Wenn ich das hier lese und dazu das Geschwurbel von Heiko “Eichmann” Maas über das Verhältnis zu Erdogan anhöre, dann weiß ich vor allen Dinge Eines: diese SPD könnte sich auch in IS-PD umbennen. Was man dort an Forderungen liest und hört ist ausnahmslos pro islamistisch. Diese Partei hegt und pflegt mit BRD-staatlichen Geldern den Islam in jeder Ecke dieser Erde. Wer die Hintenruntergefallenen in Deutschland aufs Schlimmste mit Hartz4 gängelt, während er millionenfacher islamistischer Zuwanderung Tür und Tor öffnet, darf sich nicht wundern, wenn ihn die Deutschen nicht mehr wählen. Aber da die ja sowieso aussterben, spielt das in 20 Jahren sowieso keine Rolle mehr.

E Ekat / 06.03.2020

Solange der Zentralrat sich nicht zu Wort meldet ist es schwer, sich dazu kritisch zu positionieren.

Gabriele Klein / 06.03.2020

@W. Düring. Vielen Dank für Ihren hochinteressanten Kommentar.
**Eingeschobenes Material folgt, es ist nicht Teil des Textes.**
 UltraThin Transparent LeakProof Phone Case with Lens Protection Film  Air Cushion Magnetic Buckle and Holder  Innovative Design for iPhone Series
Muss sagen dass ich aus einigen Leserkommentaren auf Achgut, die ich teils so informativ wie die Artikel selbst finde sehr viel gelernt habe. Ich lebte in dem Irrglauben dass die DDR mit dem Nationalsozialismus besser abgerechnet hätte. So lernte ich das zumindest mal. Aber das was Sie da beschreiben ist die genau gleiche nahtlose Kontinuität mit der gestandene Nazis nach dem Kriege weiter auf der Karriereleiter emporkletterten so wie das Herr Klee in seinem Buch zum Thema für die BRD recherchierte.(1) Aber’offensichtlich waren solche Karrieren nicht nur in der BRD sondern auch in der doch so bewußt “anti-faschistischen” DDR an der Tagesordnung (Was für eine Schande für Ost und West.  (1) siehe E. Klee und Was sie taten - Was sie wurden: Ärzte, Juristen und andere Beteiligte am Kranken- oder Judenmord (Die Zeit des Nationalsozialismus)

Martin Müller / 06.03.2020

Bei Heiko Maas keimt in mir schon lange Verdacht, dass er ein verkappter Antisemit ist.